→ **Instructions for the task**: Beginning with the line below that contains "Senior couple in" and ending with the line that contains "The image shows", copy every line exactly. Copy nothing else.

→ **Provided information**:
........

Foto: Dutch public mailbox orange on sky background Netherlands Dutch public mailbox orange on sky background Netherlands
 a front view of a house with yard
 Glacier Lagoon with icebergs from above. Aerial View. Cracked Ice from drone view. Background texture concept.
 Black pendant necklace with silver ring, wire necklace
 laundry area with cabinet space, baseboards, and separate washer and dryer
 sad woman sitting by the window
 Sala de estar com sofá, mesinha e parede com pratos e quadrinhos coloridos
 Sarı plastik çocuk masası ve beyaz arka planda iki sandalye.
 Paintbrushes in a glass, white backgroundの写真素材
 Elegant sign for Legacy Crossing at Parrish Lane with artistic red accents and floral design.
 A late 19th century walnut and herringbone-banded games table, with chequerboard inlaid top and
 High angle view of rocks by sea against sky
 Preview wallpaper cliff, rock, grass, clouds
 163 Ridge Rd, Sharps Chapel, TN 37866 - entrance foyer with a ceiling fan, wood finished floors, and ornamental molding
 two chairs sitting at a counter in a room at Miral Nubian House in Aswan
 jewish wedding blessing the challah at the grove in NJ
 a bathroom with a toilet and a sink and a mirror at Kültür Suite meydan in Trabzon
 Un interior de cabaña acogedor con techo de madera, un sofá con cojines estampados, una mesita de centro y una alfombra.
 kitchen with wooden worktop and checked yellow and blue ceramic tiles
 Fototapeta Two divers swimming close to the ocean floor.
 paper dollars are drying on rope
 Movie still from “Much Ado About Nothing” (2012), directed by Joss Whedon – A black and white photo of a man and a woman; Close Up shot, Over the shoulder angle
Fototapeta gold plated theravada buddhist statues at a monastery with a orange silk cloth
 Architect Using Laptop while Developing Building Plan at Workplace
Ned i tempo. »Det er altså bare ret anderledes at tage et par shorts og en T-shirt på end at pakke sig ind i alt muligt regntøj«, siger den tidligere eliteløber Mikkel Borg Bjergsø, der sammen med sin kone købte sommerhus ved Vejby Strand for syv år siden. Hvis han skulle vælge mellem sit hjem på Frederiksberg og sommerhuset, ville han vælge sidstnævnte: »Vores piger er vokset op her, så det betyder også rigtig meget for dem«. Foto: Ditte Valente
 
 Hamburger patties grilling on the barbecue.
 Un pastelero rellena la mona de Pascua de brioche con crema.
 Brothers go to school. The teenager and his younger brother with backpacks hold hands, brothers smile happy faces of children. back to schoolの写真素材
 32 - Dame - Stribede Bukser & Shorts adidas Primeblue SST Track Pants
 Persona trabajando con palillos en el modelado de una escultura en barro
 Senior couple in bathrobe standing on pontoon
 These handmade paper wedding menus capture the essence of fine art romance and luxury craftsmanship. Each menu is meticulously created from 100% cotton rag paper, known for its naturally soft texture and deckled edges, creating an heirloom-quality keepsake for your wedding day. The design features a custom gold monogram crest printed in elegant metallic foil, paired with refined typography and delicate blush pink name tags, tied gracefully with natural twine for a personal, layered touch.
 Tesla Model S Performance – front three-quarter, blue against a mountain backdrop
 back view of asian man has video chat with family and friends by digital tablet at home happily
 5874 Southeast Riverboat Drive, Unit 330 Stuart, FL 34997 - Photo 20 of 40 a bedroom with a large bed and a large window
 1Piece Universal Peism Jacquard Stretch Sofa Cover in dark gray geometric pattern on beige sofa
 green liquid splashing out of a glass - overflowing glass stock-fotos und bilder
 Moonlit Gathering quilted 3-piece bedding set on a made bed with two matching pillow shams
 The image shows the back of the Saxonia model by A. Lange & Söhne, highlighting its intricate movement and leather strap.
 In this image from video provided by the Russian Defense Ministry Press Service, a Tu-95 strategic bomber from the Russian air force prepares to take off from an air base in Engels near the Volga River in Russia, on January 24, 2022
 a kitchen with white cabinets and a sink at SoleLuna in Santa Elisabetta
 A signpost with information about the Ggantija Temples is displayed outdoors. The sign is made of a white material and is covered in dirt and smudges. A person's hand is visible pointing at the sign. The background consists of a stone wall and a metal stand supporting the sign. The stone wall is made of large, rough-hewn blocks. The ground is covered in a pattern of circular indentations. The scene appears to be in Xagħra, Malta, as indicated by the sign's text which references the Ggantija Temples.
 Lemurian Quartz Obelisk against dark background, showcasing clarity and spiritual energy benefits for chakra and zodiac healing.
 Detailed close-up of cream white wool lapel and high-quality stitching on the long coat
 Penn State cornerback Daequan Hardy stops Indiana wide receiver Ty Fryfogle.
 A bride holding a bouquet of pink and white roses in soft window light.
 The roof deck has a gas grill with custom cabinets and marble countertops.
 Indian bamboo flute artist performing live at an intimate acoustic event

........

→ **Output for this exercise**:
 Senior couple in bathrobe standing on pontoon
 These handmade paper wedding menus capture the essence of fine art romance and luxury craftsmanship. Each menu is meticulously created from 100% cotton rag paper, known for its naturally soft texture and deckled edges, creating an heirloom-quality keepsake for your wedding day. The design features a custom gold monogram crest printed in elegant metallic foil, paired with refined typography and delicate blush pink name tags, tied gracefully with natural twine for a personal, layered touch.
 Tesla Model S Performance – front three-quarter, blue against a mountain backdrop
 back view of asian man has video chat with family and friends by digital tablet at home happily
 5874 Southeast Riverboat Drive, Unit 330 Stuart, FL 34997 - Photo 20 of 40 a bedroom with a large bed and a large window
 1Piece Universal Peism Jacquard Stretch Sofa Cover in dark gray geometric pattern on beige sofa
 green liquid splashing out of a glass - overflowing glass stock-fotos und bilder
 Moonlit Gathering quilted 3-piece bedding set on a made bed with two matching pillow shams
 The image shows the back of the Saxonia model by A. Lange & Söhne, highlighting its intricate movement and leather strap.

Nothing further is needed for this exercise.